ASSIGNMENT
Every picture is to be removed, and all the data is to be copied exactly.

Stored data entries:
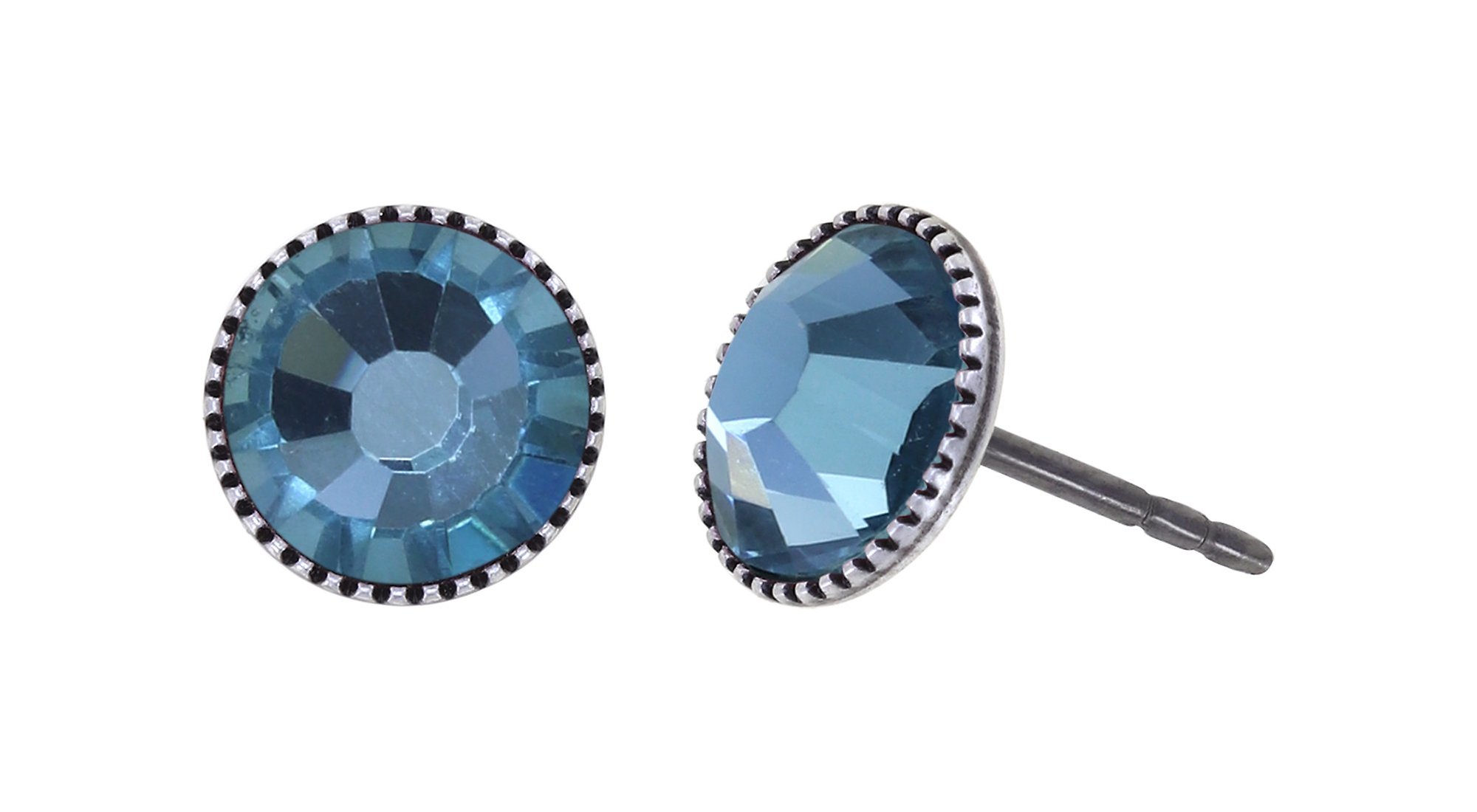 image pour Clou d'oreille plat Black Jack Bleu smoked sapphire SS 34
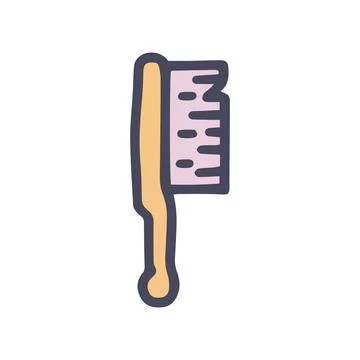 Bee brush color vector doodle simple icon Stock Illustration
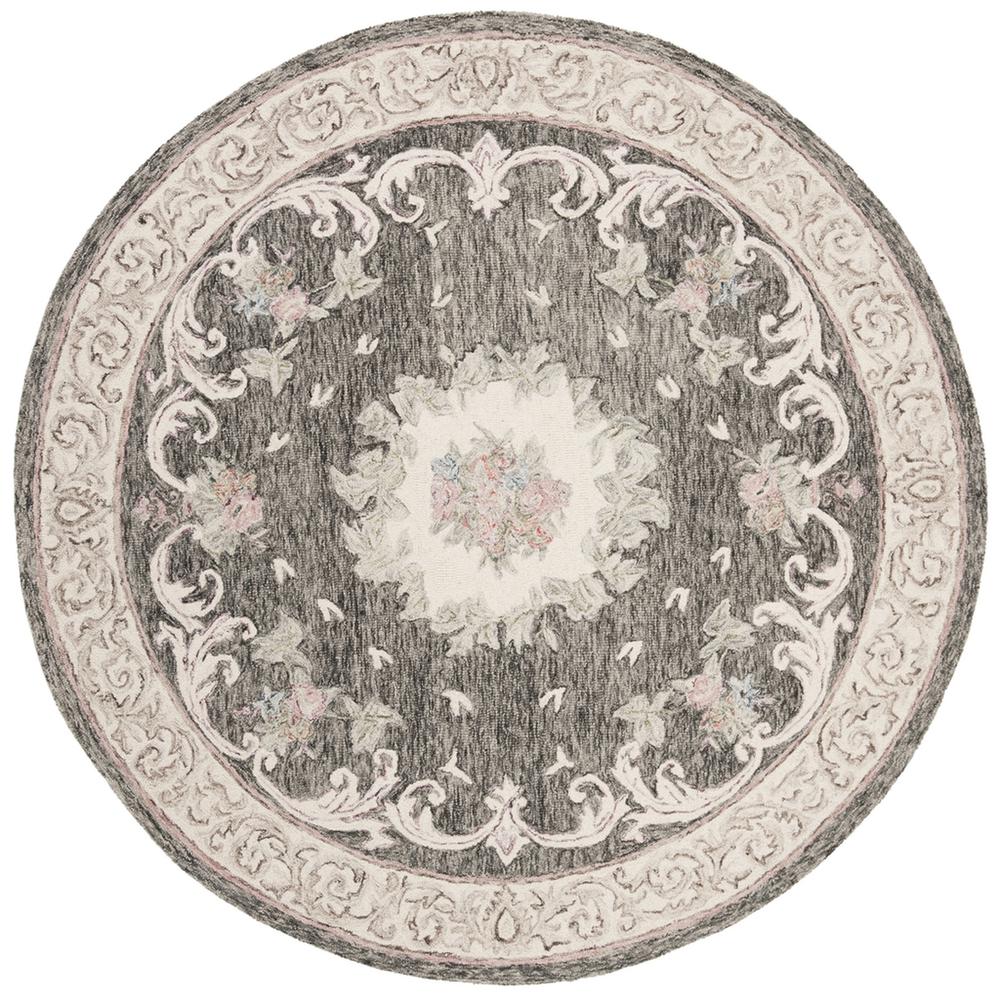 AUBUSSON, IVORY / CHARCOAL, 6' X 6' Round, Area Rug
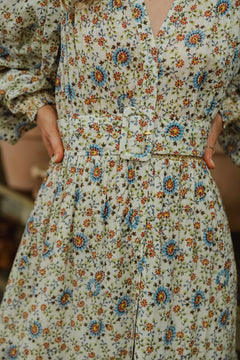 Bohemian Midi Dress - Leaves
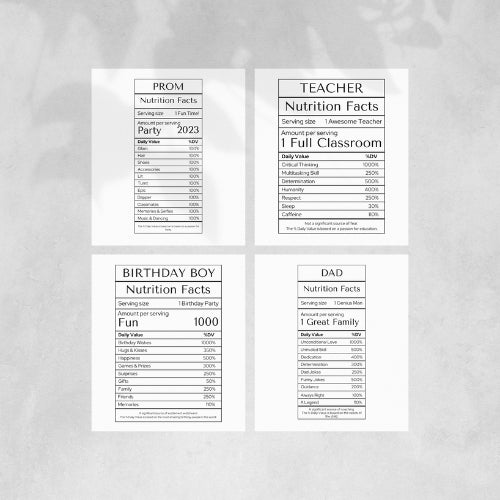 Funny Nutrition Label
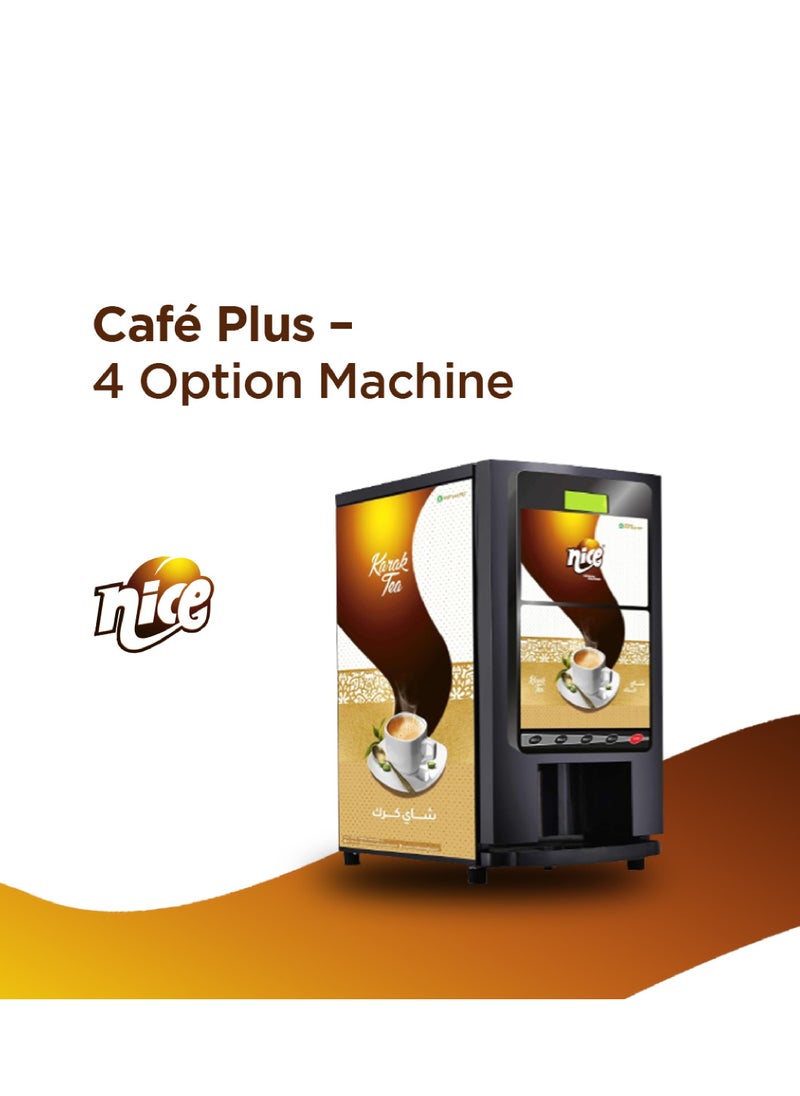Café Plus- 4 Option Tea and Coffee Machine for Minimarket, Supermarket and Small Offices- Automatic Coffee vending Machine- Water Tank with 3 Ltr Capacity 2000Watt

WRITTEN ANSWER
 image pour Clou d'oreille plat Black Jack Bleu smoked sapphire SS 34
 Bee brush color vector doodle simple icon Stock Illustration
 AUBUSSON, IVORY / CHARCOAL, 6' X 6' Round, Area Rug
 Bohemian Midi Dress - Leaves
 Funny Nutrition Label
Café Plus- 4 Option Tea and Coffee Machine for Minimarket, Supermarket and Small Offices- Automatic Coffee vending Machine- Water Tank with 3 Ltr Capacity 2000Watt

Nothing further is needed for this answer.